In all, 187 well-characterized, unrelated, consecutive UC patients with a complete clinical follow-up (age range at presentation: 8–68 years, at first sampling: 17–85 years) seen at our Outpatient Clinic were enrolled between January 1, 2005 and June 1, 2010. The clinical characteristics of the patients at time of inclusion and sample procurement are presented in Table 1. Median follow-up from the diagnosis months 135 [IQR]: 84–213.

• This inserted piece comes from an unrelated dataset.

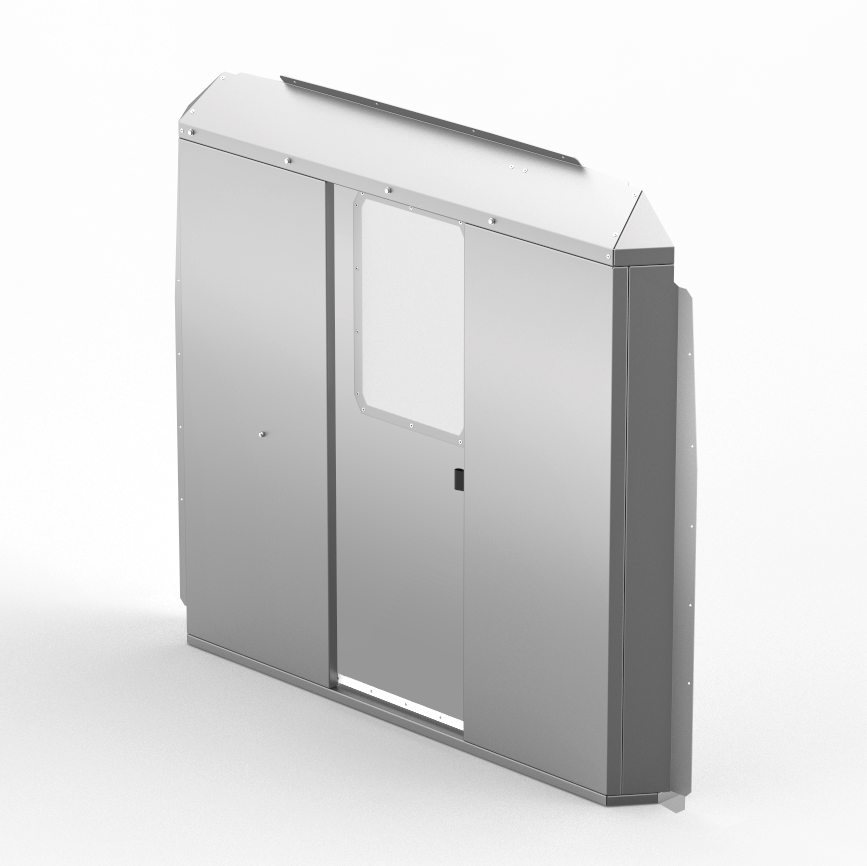 RAM PROMASTER ALL SLIDING DOOR W/WINDOW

Table 1. Clinical characteristics of patients with ulcerative colitis (UC).

	UC (n = 187)
Male/female (n)	86/101
Age at presentation (years)^*	33 (23–43)
Familial IBD¹	6 (3.2%)
Disease extent at diagnosis¹
E1	30 (16.0%)
E2	104 (55.6%)
E3	53 (28.3%)
Primary sclerosing cholangitis	8 (4.3%)
Extraintestinal manifestations (EIM)
Arthritis	26 (13.9%)
Skin	16 (8.6%)
Ocular	12 (6.4%)
Smoking habits¹
never	167 (89.3%)
yes	18 (9.6%)
past	2 (1.1%)
Disease activity at study enrollment¹
Inactive partial Mayo ≤ 3	135 (72.2%)
Active partial Mayo> 4	52 (27.8%)
Follow-up (months) from
diagnosis^*^☐	135 (84–213)
sampling	78 (51–102)
Maximal disease extent¹^,^🛇
E1	23 (12.8%)
E2	97 (53.9%)
E3	60 (33.3%)
UC related hospitalization¹	64 (35.0%)
Exposure of medication and surgery during follow-up
Steroid use¹	117 (63.9%)
Steroid refractory¹	11 (7.6%)
Azathioprine use¹	70 (38.3%)
Biological use¹	25 (13.4%)
Colectomy¹	11 (6.0%)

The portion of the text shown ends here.